I get to my office and I find myself simply overwhelmed by all the anger. People out there are so angry.

How do we lose sight of the "us" and find ourselves so focused on that effort to secure what we think we must have or deserve that anger is the only response to life? How did we decide that it is okay or acceptable to walk over the backs of others without every looking back?

I used to have a life that was RULED by anger. (just ask [livejournal.com profile] bootedintexas or [livejournal.com profile] septimuswarren) Everything I did was ruled and managed by blaming, resisting, lashing out to keep myself protected when I felt that my stake in how things should go was not being taken into account. While I may have had well-thought-out reasons for attempting to strong-arm others to get my way, in the end - my behavior was a decade long old-fashioned, pain-inducing, self-centered hissy fit. and I feel that (with a different perspective nowadays) I'm recognizing that hissy fit mentality in the people around me every single moment. (particularly recently) It's like our society is stuck in a perma-hissy fit.

What is the antidote?

Well - that antidote to anger (hatred, intolerance, and wishing others ill for any reason) is finding some way to regain a sense of openness so that you can act with compassion.

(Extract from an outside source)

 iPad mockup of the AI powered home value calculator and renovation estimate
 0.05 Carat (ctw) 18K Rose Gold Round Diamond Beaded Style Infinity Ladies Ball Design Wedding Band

Aggressive falls away when you are able to stop, breathe and take a giant step back in order to enlarge your perspective on what is upsetting you. It is always possible to take one more step back to enlarge your perspective on what makes you angry. If your compassion hasn't returned, you have not stepped back far enough.

And it is not easy. Compassion can be really, really, really hard when you think about all the people and situations you find infuriating. Acting compassionately doesn't neccesarily mean being sweet and nice, or giving all your stuff or power away. In Buddhist thought, compassion is synonymous with skillful action, action that is rooted in seeing reality from the largest perspective possible. When you have the proper perspective, you know without thinking what the next right action is.

I wish there was a way to encourage folks to take that step back mentally (and perhaps physically) the next time they react to something like a broken F line train; or the slowness of the line for the escalator; or the long line at starbucks.... and even big picture issues - taking a step back when you hear hate speech, or when you watch an electorate vote your rights away. Anger is an expected human response. I get that - and accept it. But when anger is your only response - perhaps it is time to take that step back and widen your perspective.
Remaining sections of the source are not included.